Some caregivers remain hesitant

Whether triggered by the delay or not, some caregivers remain hesitant to vaccinate their kids while others are certain they won’t.

“We plan on vaccinating our baby, though we’d prefer not to be in the ‘first wave’ when emergency use is approved,” said Kim V., 34, mother to a 7-month-old in Ohio. “Vaccinating my child feels different than making the choice to get an emergency use vaccine for myself.”

Others are on the fence. “Half of me says yes because he doesn’t know a world without COVID and protocols. The other half of me says no because he is so young and if he had an adverse reaction it would kill me,” said Ali Morin, 28, mom to a 2-year-old.

Meanwhile, many caregivers say they are not anti-vaccine, but anti–COVID vaccine, sharing that they feel the coronavirus shots were developed too quickly or that they feel the risks for children are relatively low.

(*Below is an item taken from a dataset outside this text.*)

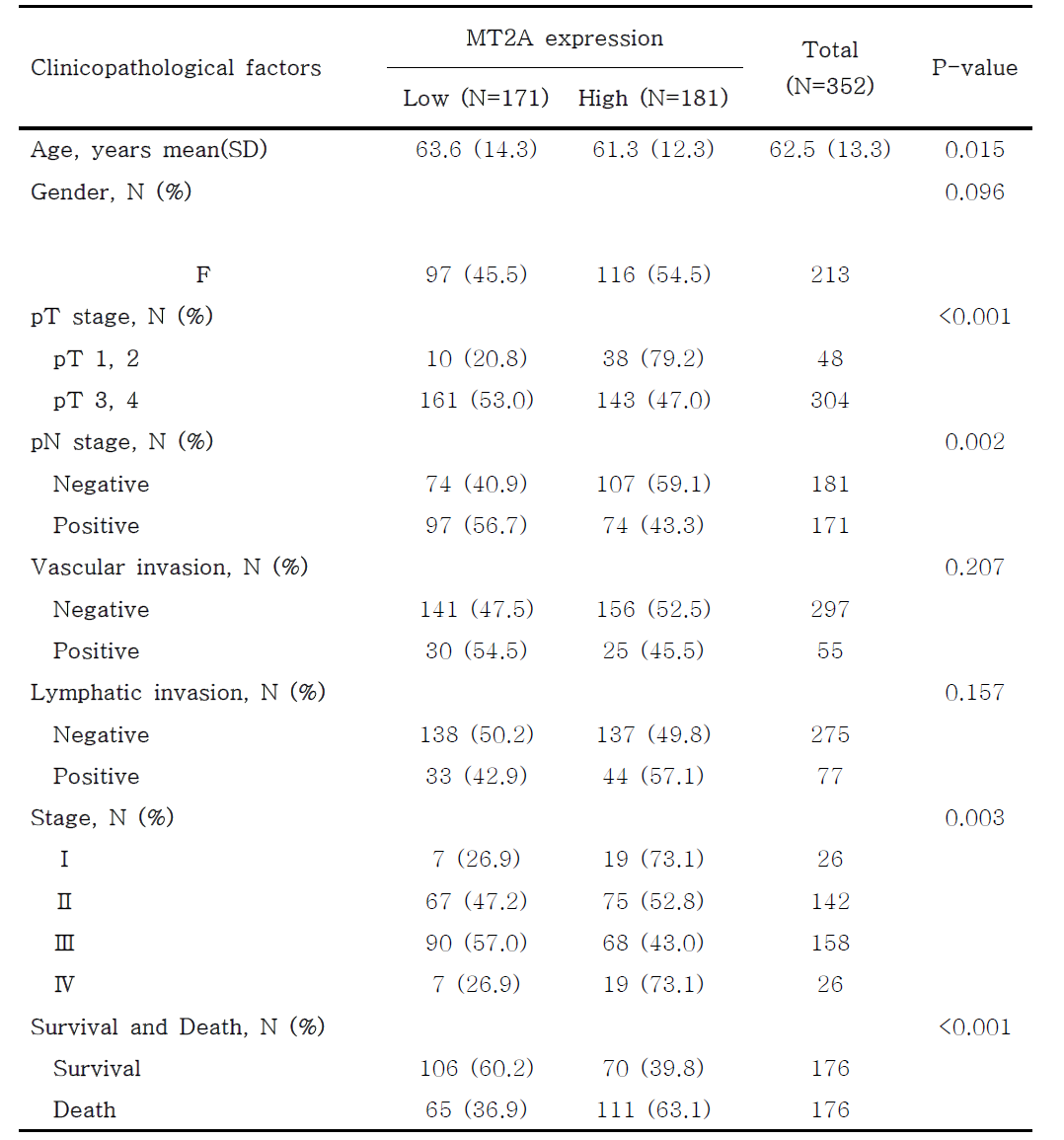 Clinicopathological Features in patients with MT2A expression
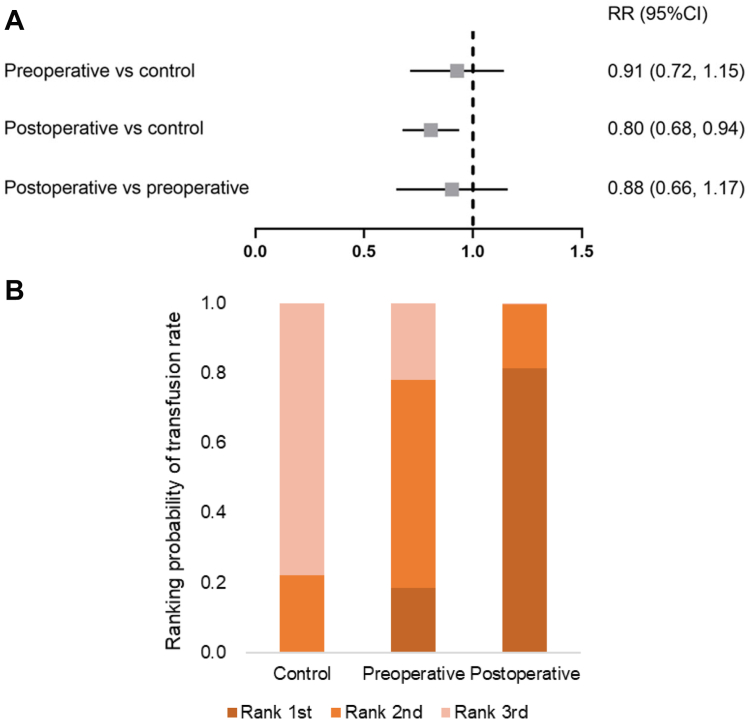 Timing of intravenous iron for treatment of anaemia in surgical patients: a systematic review and network meta-analysis.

Dr. Lauren Gambill, a pediatric hospitalist at the University of Texas’s Dell Children’s Medical Center and professor at the Dell Medical School, said she worries the delay is “giving people pause,” but that “this is truly what transparency and science looks like.”

“It’s disappointing as a pediatrician and parent of two kids that fall in this age range, but I think that the delay to me is evidence of the rigor and safety of the overall process,” Gambill said. “I think everyone has the right to be frustrated, but this reassures me that when the vaccine is available it will, without a doubt, work and be safe.”